15
Empowering Your Financial Future
Menu

Privacy policy

We value your privacy and place great importance on protecting your personal data. With this document, we aim to clarify how we handle the personal data we process.

Introductory Provisions

We collect and process your data solely for the purpose of providing high-quality services in a lawful, fair, and transparent manner. We process only the data necessary to provide a specific service, ensuring its appropriate protection.

Such personal data primarily relates to individuals with whom Sustav de Ruche d.o.o. has a business relationship or a legitimate interest in contacting (clients, suppliers, business contacts, employees, etc.).

When the need for processing your personal data ceases, we delete all personal data or anonymize it using appropriate technical measures for exclusive statistical purposes.

We collect and process personal data in accordance with our values and principles, this privacy policy, and applicable European and Croatian regulations on personal data protection.

This privacy policy applies equally to personal data in digital or electronic form and to personal data in printed (paper) form, whether it originates from a digital or electronic record.

Terms used in this privacy policy that carry gender-specific meanings apply equally to all genders.

Principles

When processing personal data, we adhere to the principles and rules established by Regulation (EU) 2016/679 of the European Parliament and of the Council of 27 April 2016 on the protection of natural persons regarding the processing of personal data and the free movement of such data, repealing Directive 95/46/EC (General Data Protection Regulation).
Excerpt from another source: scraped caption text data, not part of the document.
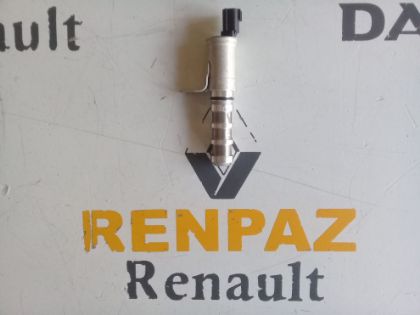 RENAULT MEGANE 4 DEFAZÖR ELEKTROVANASI 237963516R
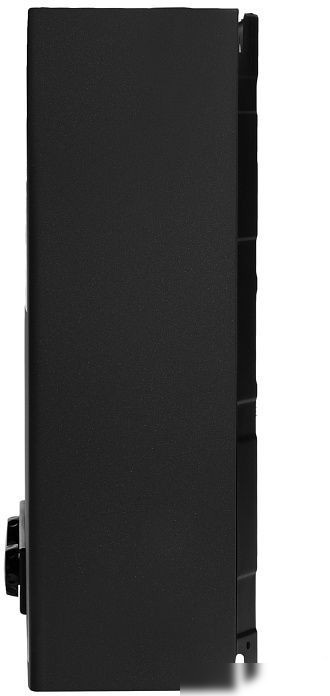 Газовая колонка Royal Thermo GWH 10 Inflame (графит)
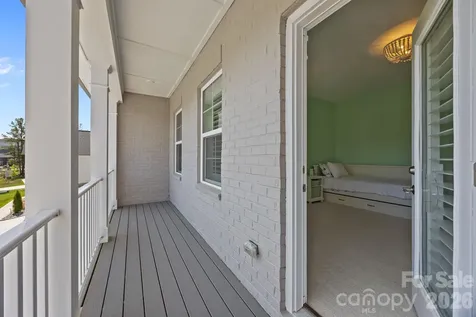 8620 Balcony Bridge Road Huntersville NC 28078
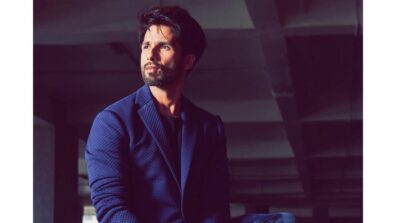 5 Times When Shahid Kapoor Won Our Hearts With His Fabulous Work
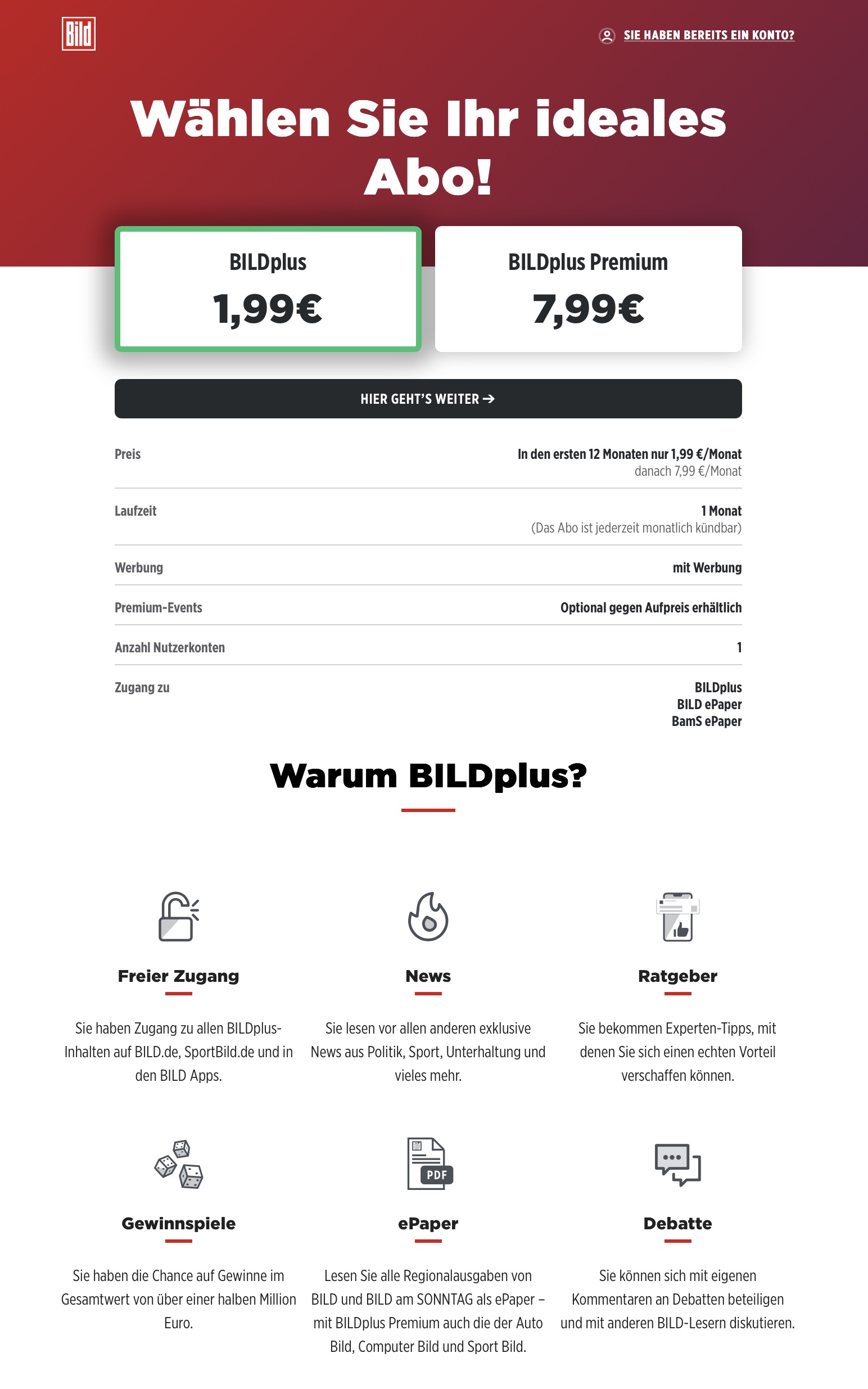 abo-modell-bild-plus-paid-content-vorteile-abo-modell–2–vorgestellt-von-montana-medien-beratung-und-agentur–abomarketing-crm-pressevertrieb. Abo-ModellBild Plus Paid Content – alle Tarifdetails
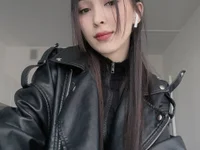 dlllvi 现场XXX聊天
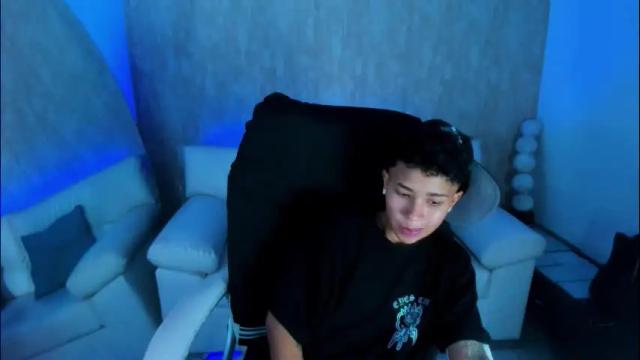 Image 8 of nova_sex1 Stream on Chaturbate on 1 month ago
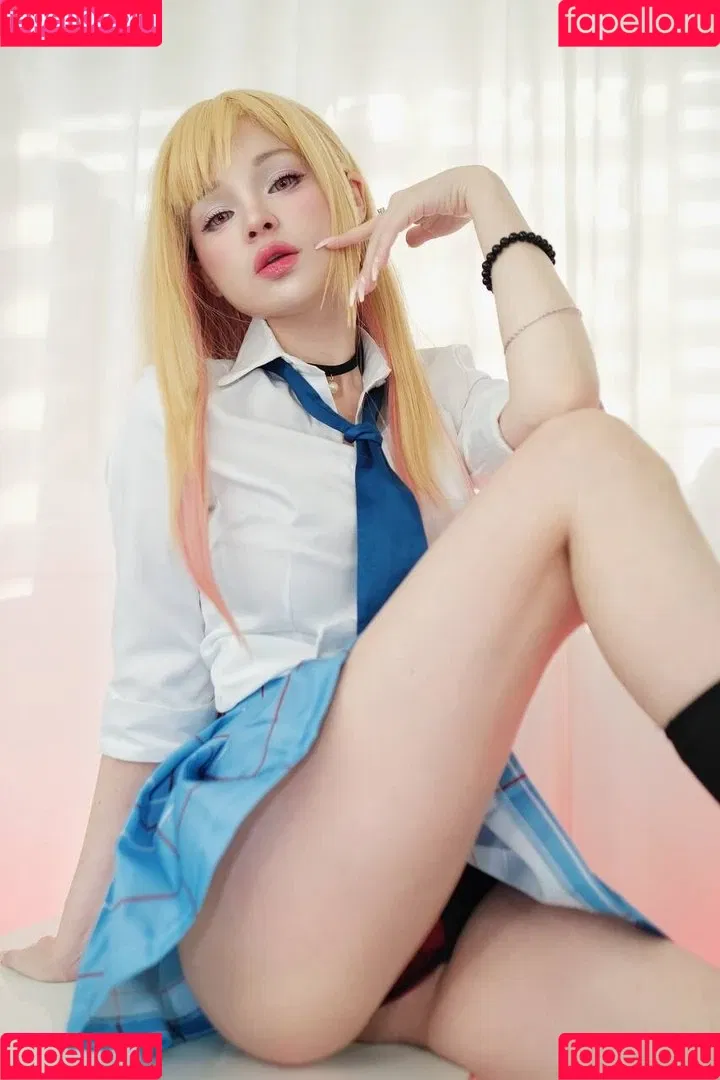 Hidori Rose Onlyfans Photo Gallery 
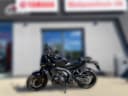 2024 Yamaha Yamaha MT-09 - 4 157 km - Náhled 1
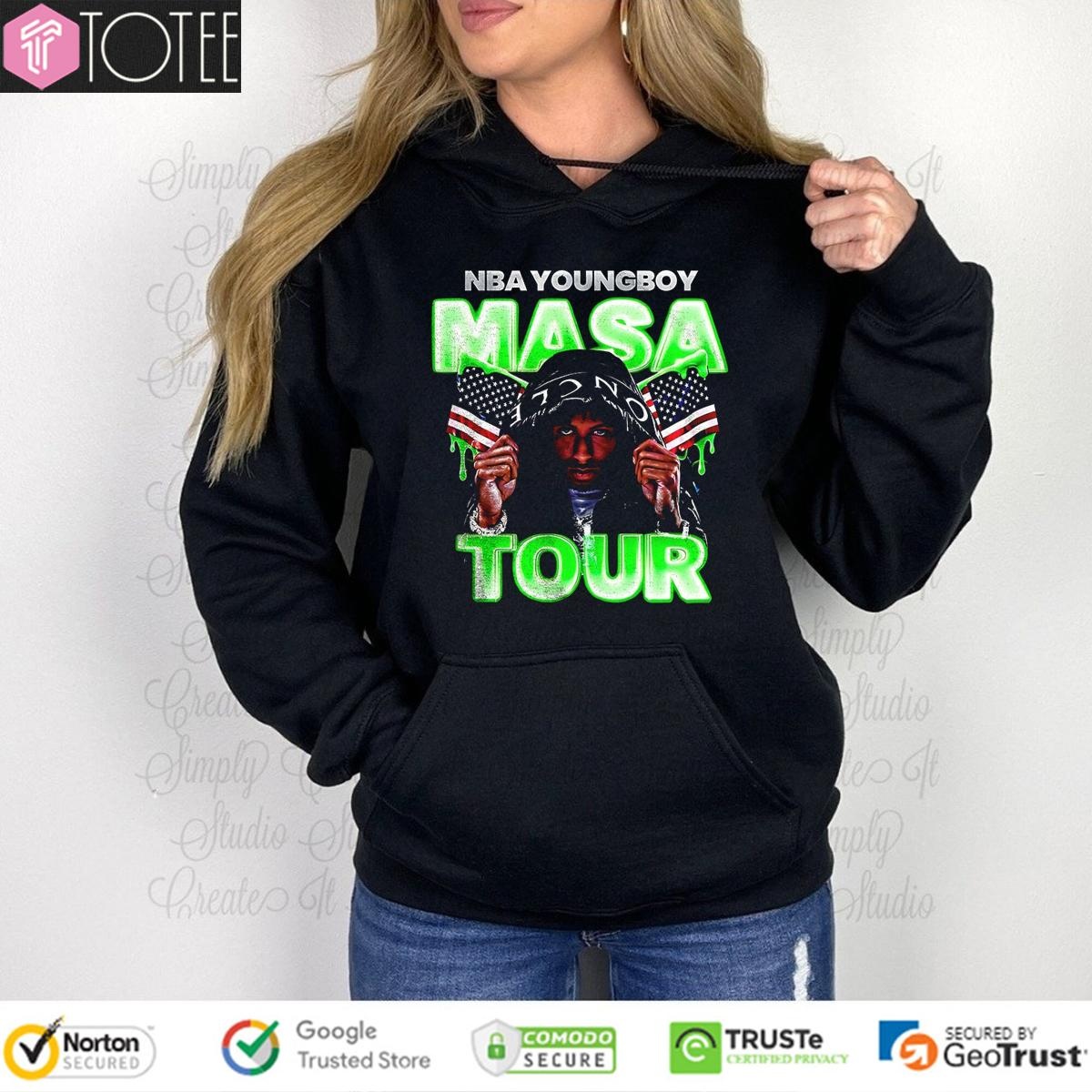 Hoodie Hoodie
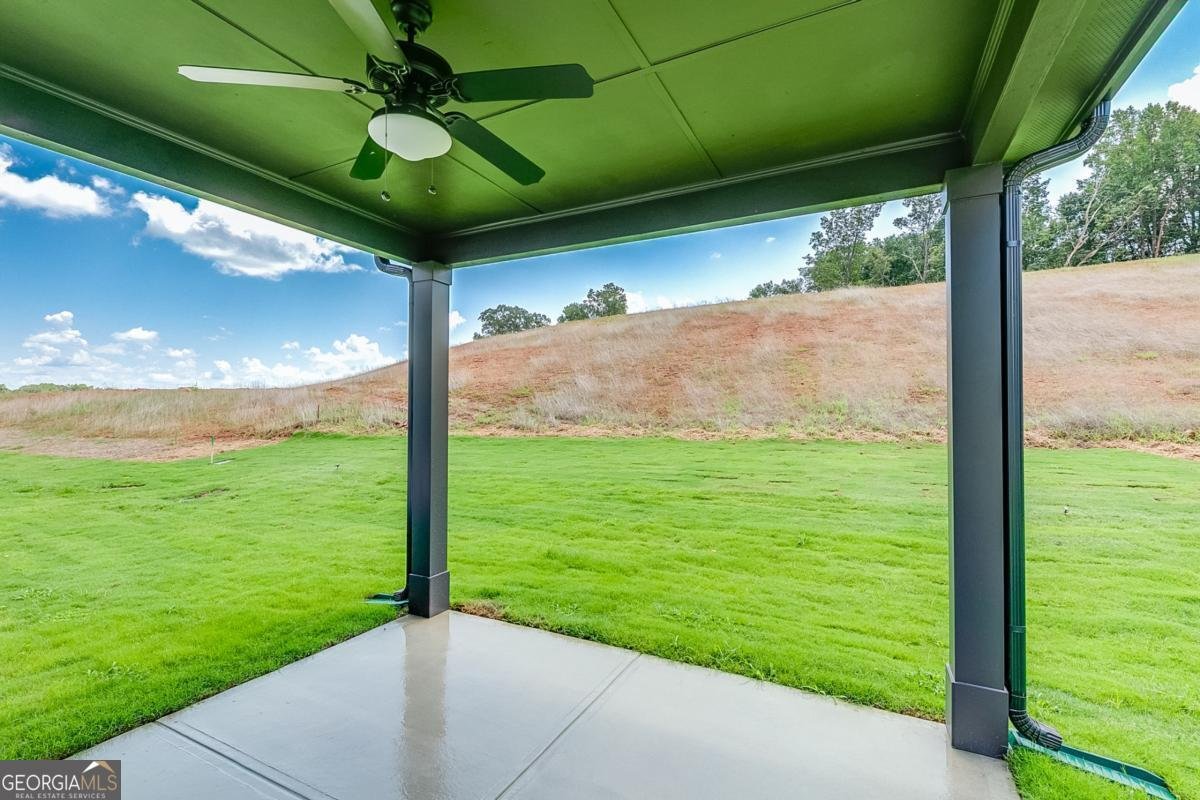 176 Classic Overlook Lot 23A Homer - Photo 29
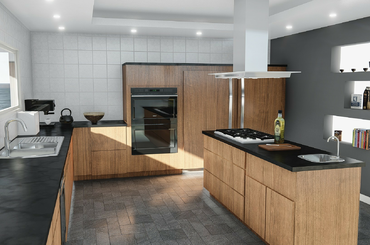 Élvezd ki a lakásfelújítás minden pillanatát tippjeink segítségével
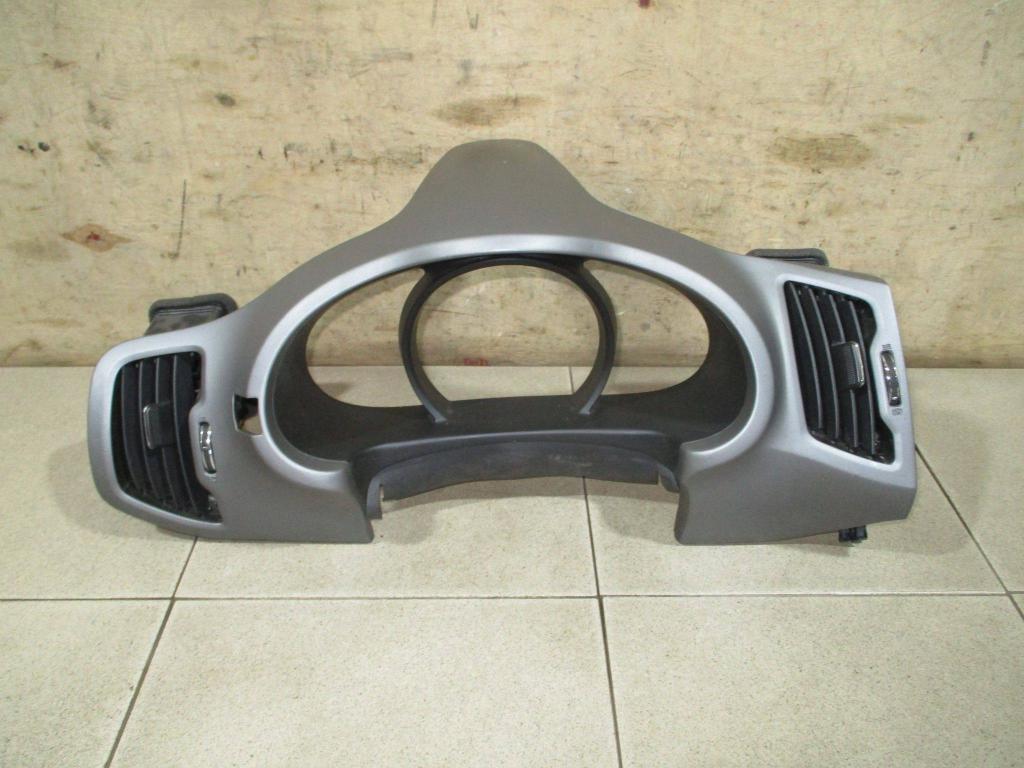 Накладка декоративная, 2600 рублей, Пермь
In processing personal data, we observe the obligation to maintain professional confidentiality as governed by the laws of the European Union and the Republic of Croatia.

We process personal data:

  • lawfully, fairly, and transparently;

  • for specific, explicitly defined, and lawful purposes;

  • using only accurate, up-to-date, adequate, and relevant data limited to the purpose of processing;

  • only as long as necessary to achieve the purpose of processing; and

  • protecting it against unauthorized or unlawful processing, accidental loss, destruction, or damage.

Personal data of individuals under the age of 16 is processed only with the consent of a parent or guardian and only to the extent and scope for which consent has been given.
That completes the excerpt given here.